_Task item_.
Return only these lines: the one that contains "Colour-block stretch ski fleece" and every line after it through the end of the listing, exactly, without pictures.

_Provided records_.
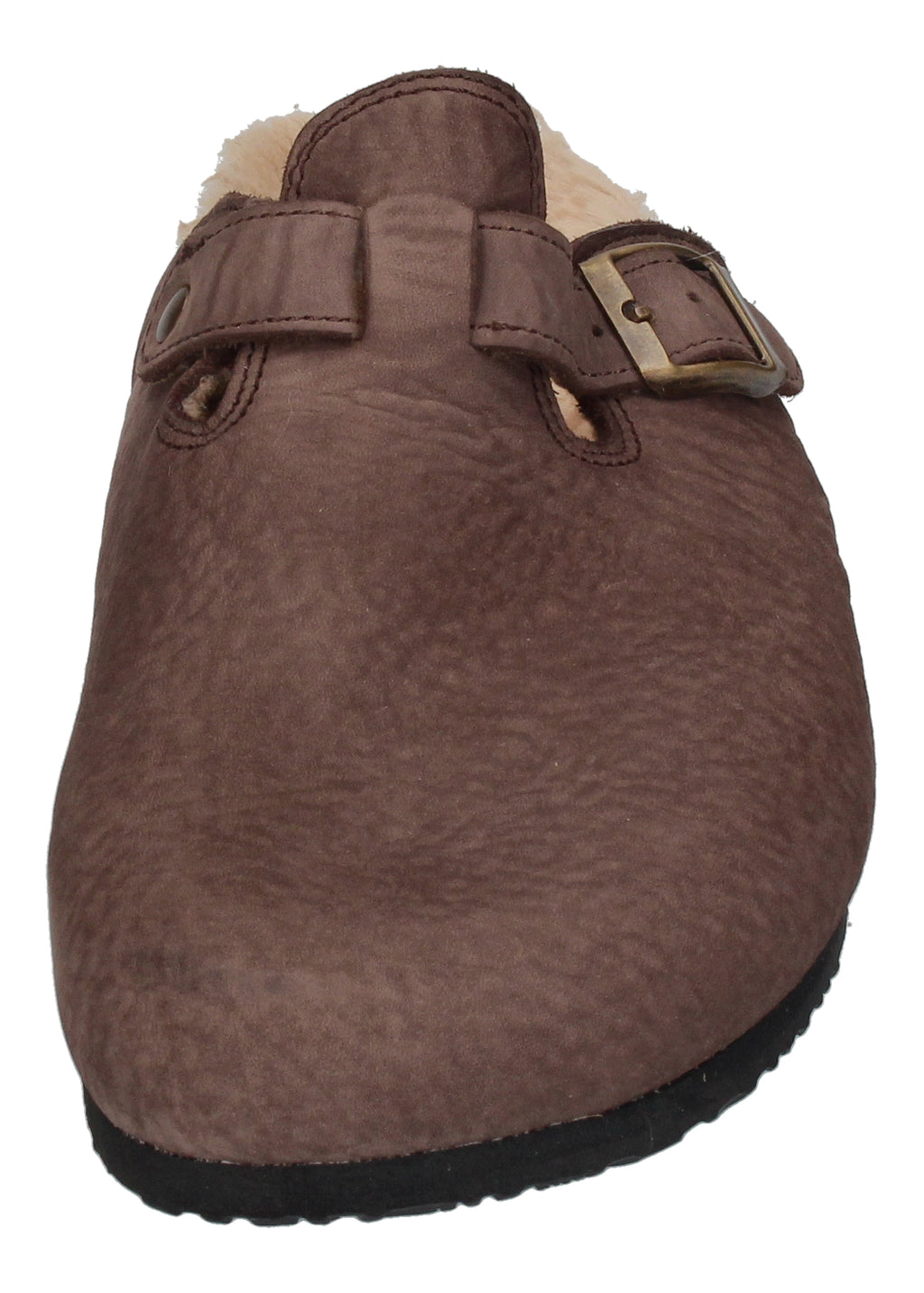 NATURAL WORLD Hausschuhe 7030 BIO SLIPPER WOOL marron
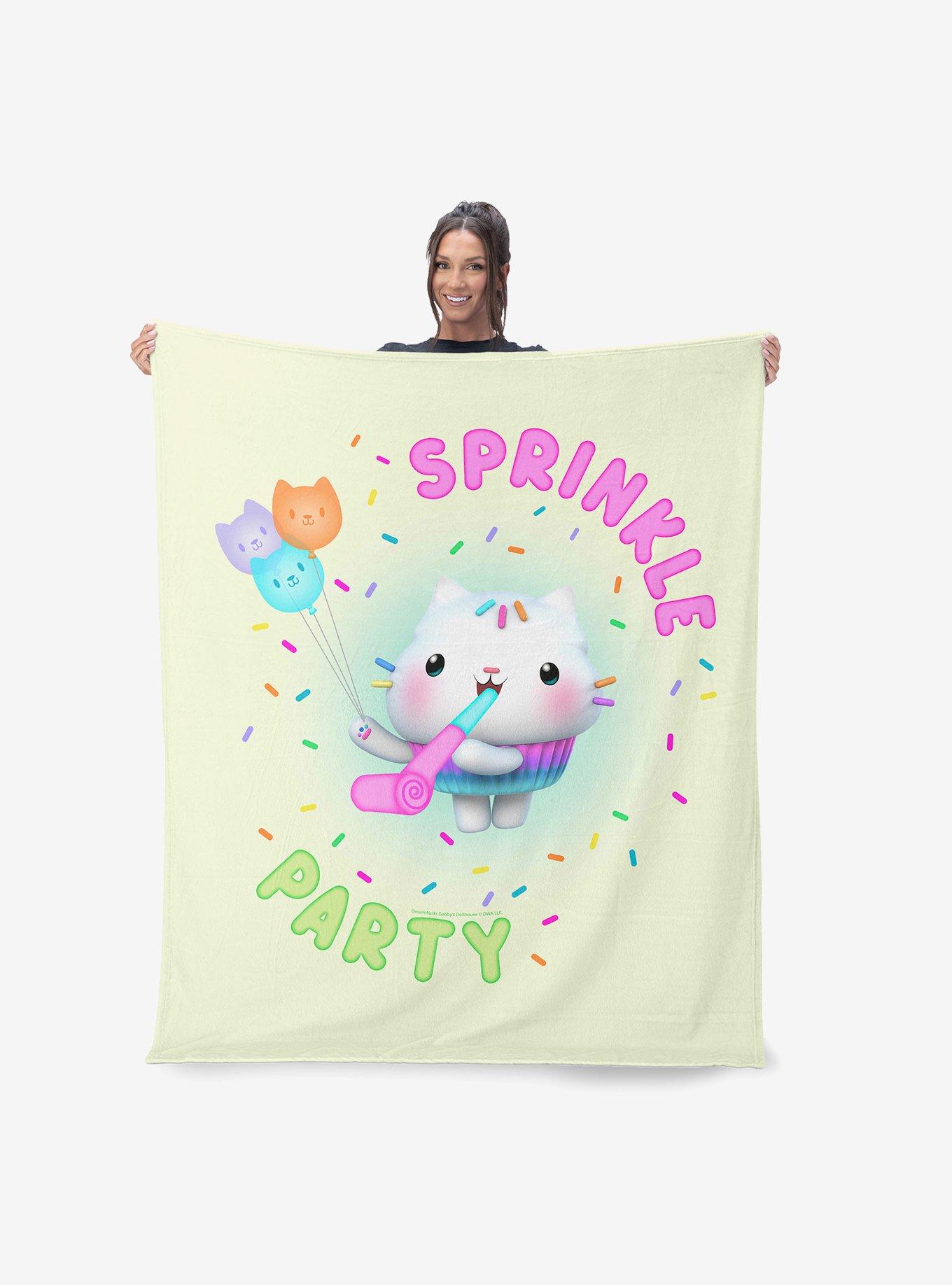 Gabby's Dollhouse Sprinkle Party 60x80" Silk Touch Throw Blanket, , hi-res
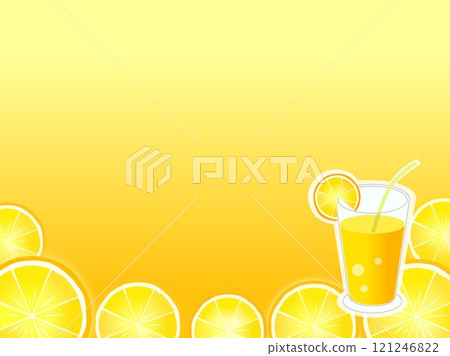清新橙色插畫 清新橙色插畫 121246822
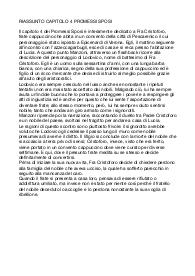 Riassunto cap 4 Promessi Sposi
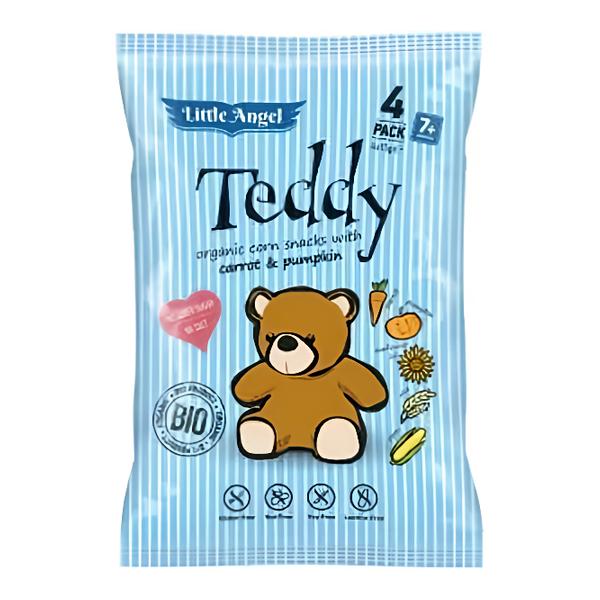 Little Angel BIO Teddy křupky mrkev a dýně 4x15g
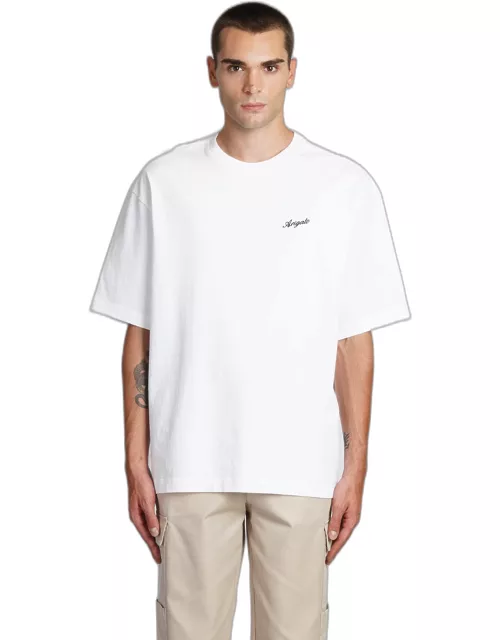Axel Arigato Honor T-shirt In White Cotton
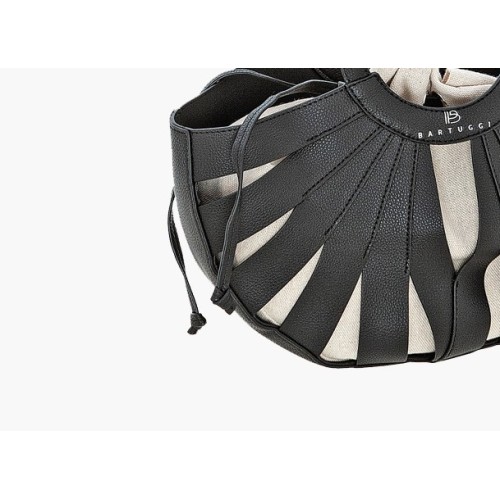 Bartuggi 718-0522,Τσάντα Δερματίνη, Ώμου/Καρπού, Μαύρο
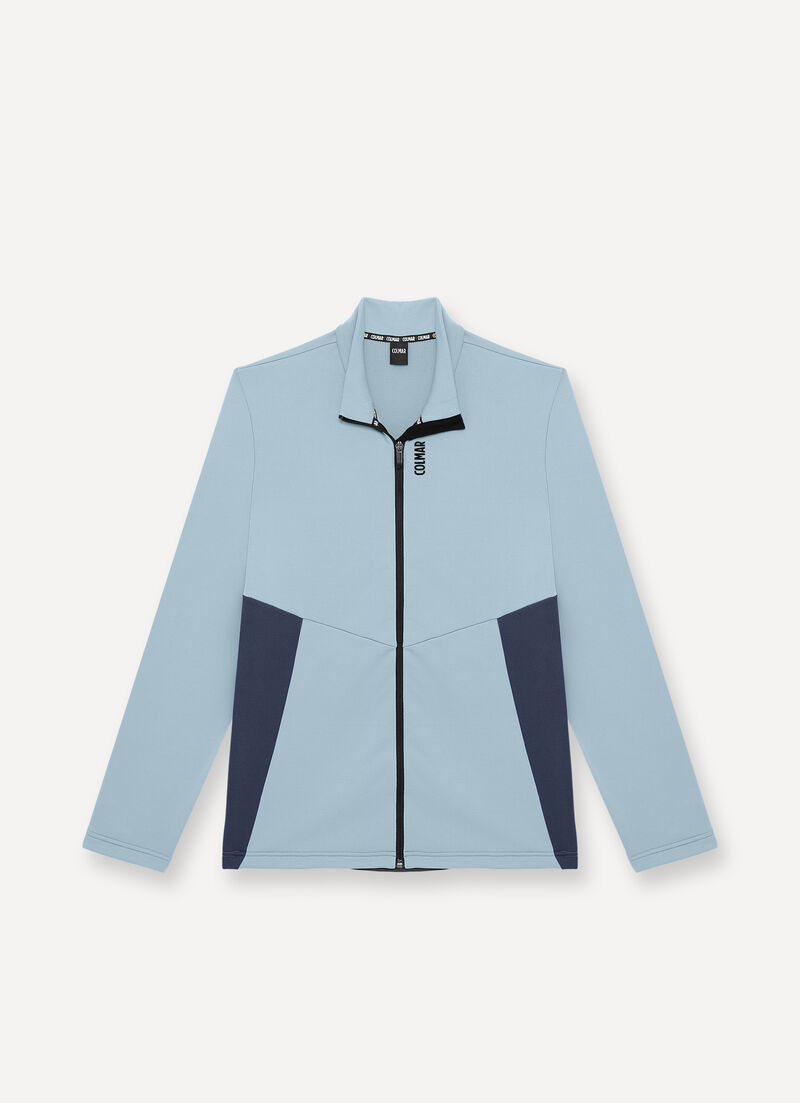 Colour-block stretch ski fleece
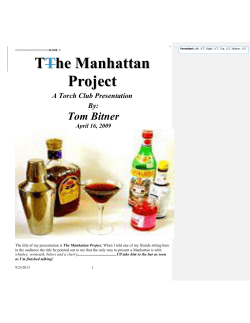 The Manhattan Project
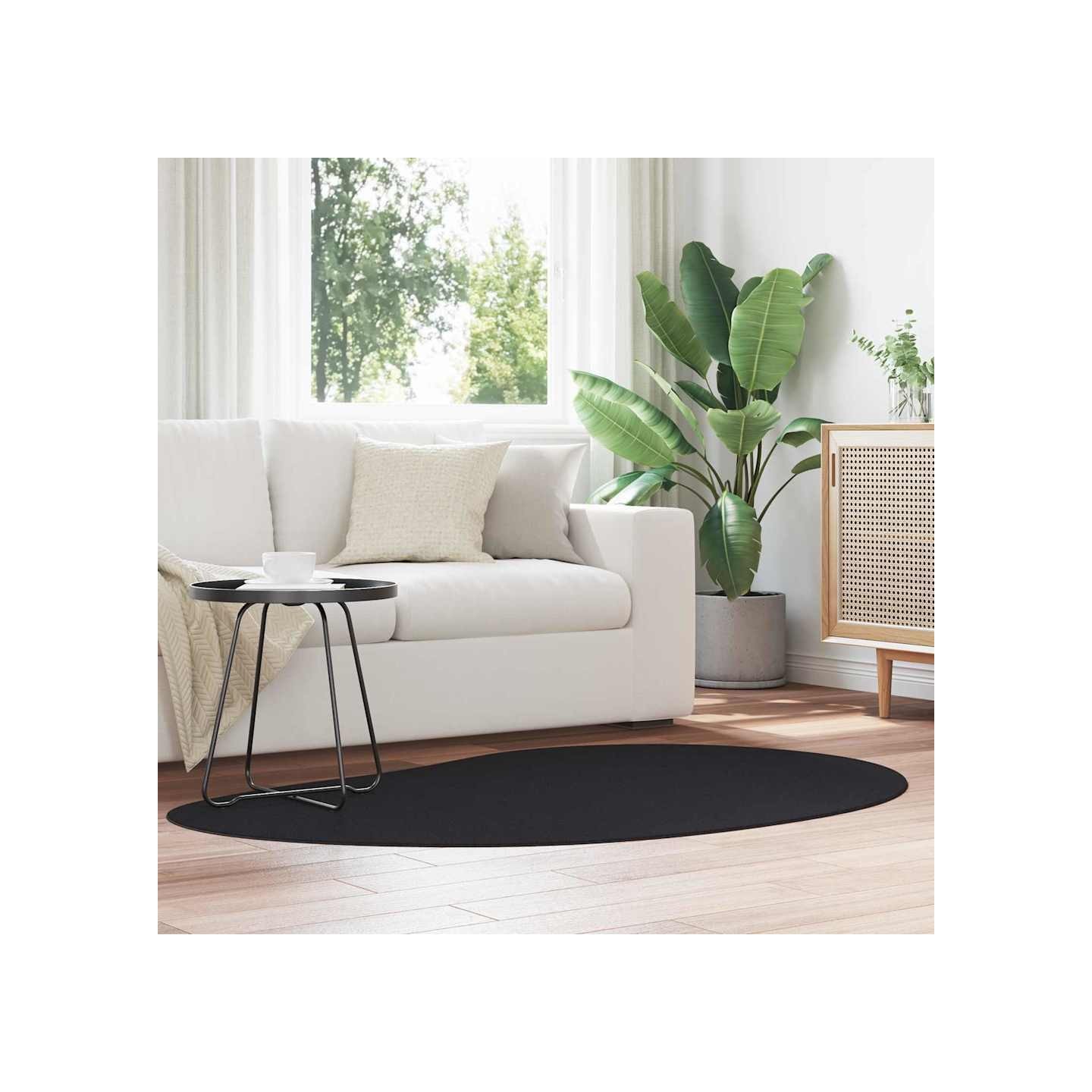 Tapis HUARTE Noir 120 x 170 cm Polyester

_Finished exercise_.
 Colour-block stretch ski fleece
 The Manhattan Project
 Tapis HUARTE Noir 120 x 170 cm Polyester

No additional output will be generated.